Anatomical features require that SIBS tubes be at least 8 mm long (8.5 mm was selected) to shunt from the anterior chamber to the mid-posterior eye. The lumen serves as a flow restrictor to prevent the pressure in the eye from dropping to below approximately 6 mmHg for a prolonged period of time, as this deflation of the eye (hypotony) could lead to retinal detachment and other serious pathologies. Based on a normal aqueous humor flow rate of 2.5 µL/min and a desired IOP drop of 12 mmHg, the Hagen-Poiseuille equation suggests a lumen diameter of approximately 55 µm. Due to the high surface tension of SIBS, the desired flow was difficult to obtain at this lumen diameter; therefore, the lumen was increased to approximately 70 µm to allow flow at physiological pressures. The flow characteristics of the PRESERFLO MicroShunt have been comprehensively analyzed in vitro11. Implantations into rabbit eyes12,13 confirmed that these requirements were satisfied by a nominal lumen diameter of 70 µm. To prevent kinking and to allow the tube to be pushed through a needle tract formed by a 25-G or 27-G needle inserted under the limbus, the outer diameter of the tube was set at 350 µm, providing a tough tube with a wall thickness of 140 µm.

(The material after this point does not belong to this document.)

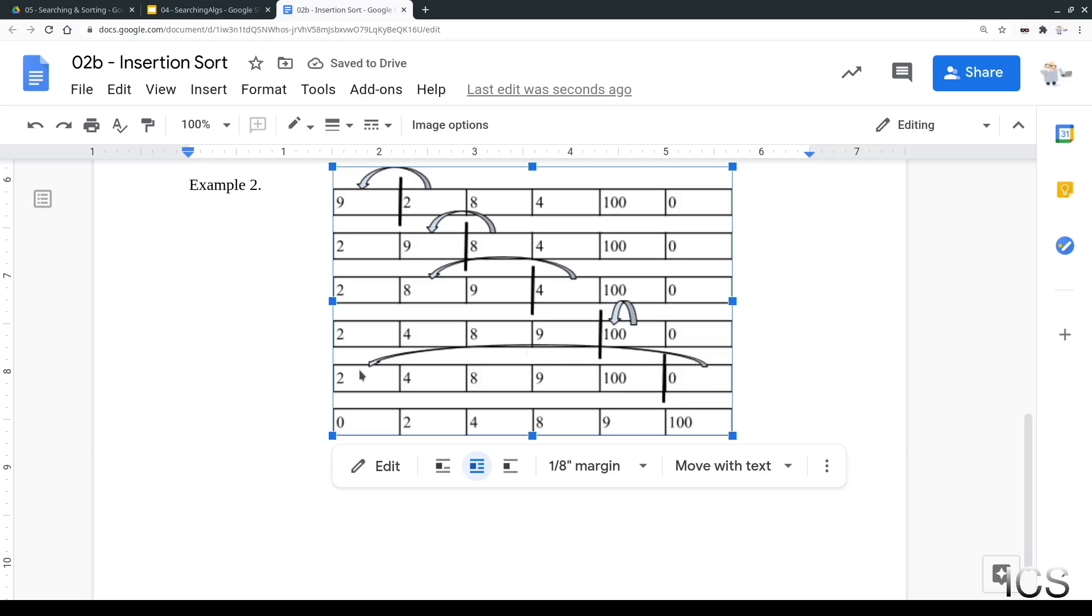And where does the 0 go? The 0 goes all the way to the end and all the other values get shifted up. Now the shifting is actually an expensive operation, meaning that it takes a lot of steps. It takes a lot of steps to shift all this over.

First Clinical Implants of the PRESERFLO MicroShunt

The MicroShunt was first implanted in humans in January 2006, predominantly in French patients who failed incisional glaucoma surgery. The lack of the intraoperative antifibrotic mitomycin C (MMC) resulted in a surgical success rate of only 42%, whereas a subsequent study, which included 0.2 mg/mL, MMC, improved the surgical success rate to 67%9. A study in the Dominican Republic of 23 patients in a pre-dominant Afro-Caribbean population with primary open-angle glaucoma (POAG) and no previous conjunctival surgery who had failed maximum tolerated glaucoma medication found that MicroShunt implantation, accompanied by a 3-minute intraoperative application of 0.4-mg/mL MMC, resulted in a qualified success rate of 100%, with a 55% drop in IOP from baseline at 1 year. The results of these four independent clinical trials in France and the Dominican Republic, which led to the final design and method of implantation of the MicroShunt, have been summarized14. Follow-up of the patients in the Dominican Republic showed prolonged success at 3 and 5 years15,16.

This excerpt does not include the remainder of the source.